Why does the Torah find lashon hora to be such a terrible offense? We might pause to consider an interesting detail in the way the Torah treats the metzora at the height of his affliction: his banishment from all three Jewish camps. The Torah shows us by this that one who speaks lashon hora separates himself from the essential holiness of Klal Yisrael. That kedushah vests not just in the collective, but in each and every Jew. Each Jew is charged with revealing some aspect of kedushas Yisrael; the 600,000 Jewish meta-souls each correspond to a letter of the Torah. Speaking lashon hora ignores the kedusha of some Jew. It smudges or erases one letter, leaving behind an incomplete Torah – one that can no longer speak the message of the essential mission of Klal Yisrael. (This is why one opinion maintains that he can find no atonement through learning Torah. How can Torah provide his cure, when his transgression struck, as it were, at Torah itself, and weakened it? Only through attaching himself to the divine Kohen – to Hashem Himself, in Whom he can find his own holy source – can he be restored to good spiritual health. After that, he can be reunited with Torah, and with the Torah’s people.

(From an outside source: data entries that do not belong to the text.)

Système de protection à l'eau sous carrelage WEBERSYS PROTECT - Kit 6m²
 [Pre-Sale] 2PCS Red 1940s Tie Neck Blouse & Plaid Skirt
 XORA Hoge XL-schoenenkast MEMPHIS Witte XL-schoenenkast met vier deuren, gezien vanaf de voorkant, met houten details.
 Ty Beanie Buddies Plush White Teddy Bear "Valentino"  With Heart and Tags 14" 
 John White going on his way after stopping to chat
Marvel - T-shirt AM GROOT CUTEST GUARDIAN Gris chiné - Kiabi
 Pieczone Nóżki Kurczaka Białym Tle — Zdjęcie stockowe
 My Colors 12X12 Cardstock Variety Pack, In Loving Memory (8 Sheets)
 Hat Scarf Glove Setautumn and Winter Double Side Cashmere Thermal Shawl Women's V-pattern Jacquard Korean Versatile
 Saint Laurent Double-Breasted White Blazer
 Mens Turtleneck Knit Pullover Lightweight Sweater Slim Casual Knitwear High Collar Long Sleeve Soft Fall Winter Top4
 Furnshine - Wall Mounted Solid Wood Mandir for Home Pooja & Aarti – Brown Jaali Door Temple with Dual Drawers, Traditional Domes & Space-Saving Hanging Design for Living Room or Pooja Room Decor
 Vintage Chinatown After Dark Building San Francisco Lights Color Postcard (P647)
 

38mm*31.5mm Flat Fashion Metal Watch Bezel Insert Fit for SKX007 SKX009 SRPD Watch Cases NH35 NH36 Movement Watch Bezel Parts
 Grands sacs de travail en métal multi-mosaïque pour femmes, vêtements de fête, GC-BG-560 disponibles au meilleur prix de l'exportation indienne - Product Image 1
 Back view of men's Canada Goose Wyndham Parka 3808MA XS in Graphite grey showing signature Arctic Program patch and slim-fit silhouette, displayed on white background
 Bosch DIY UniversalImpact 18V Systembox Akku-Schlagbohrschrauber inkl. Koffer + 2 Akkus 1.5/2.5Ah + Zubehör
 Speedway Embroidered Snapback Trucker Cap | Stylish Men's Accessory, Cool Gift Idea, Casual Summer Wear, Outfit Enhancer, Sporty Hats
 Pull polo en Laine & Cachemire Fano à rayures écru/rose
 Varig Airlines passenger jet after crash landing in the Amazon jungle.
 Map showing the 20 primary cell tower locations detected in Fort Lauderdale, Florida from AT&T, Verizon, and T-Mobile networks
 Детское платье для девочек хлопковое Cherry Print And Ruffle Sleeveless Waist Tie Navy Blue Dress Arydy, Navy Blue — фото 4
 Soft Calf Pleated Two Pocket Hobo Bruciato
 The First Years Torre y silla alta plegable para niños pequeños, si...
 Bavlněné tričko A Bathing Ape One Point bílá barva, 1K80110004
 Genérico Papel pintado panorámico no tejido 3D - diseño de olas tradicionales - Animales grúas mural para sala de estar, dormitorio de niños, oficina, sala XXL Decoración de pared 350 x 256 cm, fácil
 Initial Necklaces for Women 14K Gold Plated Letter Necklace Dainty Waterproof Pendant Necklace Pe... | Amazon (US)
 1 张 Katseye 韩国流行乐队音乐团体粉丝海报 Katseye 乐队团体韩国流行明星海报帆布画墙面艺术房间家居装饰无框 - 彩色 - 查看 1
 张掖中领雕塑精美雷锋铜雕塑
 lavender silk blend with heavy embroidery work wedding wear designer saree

The typical bird-offering is a turtledove or a young dove.[5] Just as the dove, says the midrash,[6] is loyal to its mate, recognizing no other, so does Klal Yisrael recognize nothing but its Father in heaven. When a person sins, he distances himself (and his community) somewhat from their Source. He seeks atonement through his korban of a dove, which symbolizes attachment to Him. He tries through it to close the distance that he opened, and return the connection to its healthier condition.

The bird that is used in the purification of the metzora, however, is anything but typical. Rather than the dove, it must be a tzipor dror/ “freedom bird,” one that refuses to be mastered. When trapped indoors, it will fly from corner to corner, evading man’s grasp.[7] In the wild, it goes from place to place, seemingly not having a place it call its own. It is a symbol of rootlessness and aimlessness – just like the person who speaks lashon hora. While other sins create a bit of distance to Hashem, the person is still connected and bound to Him. Lashon hora severs the connection altogether.

It can be repaired only by Hashem Himself, reaching out and taking the hand of the sinner again.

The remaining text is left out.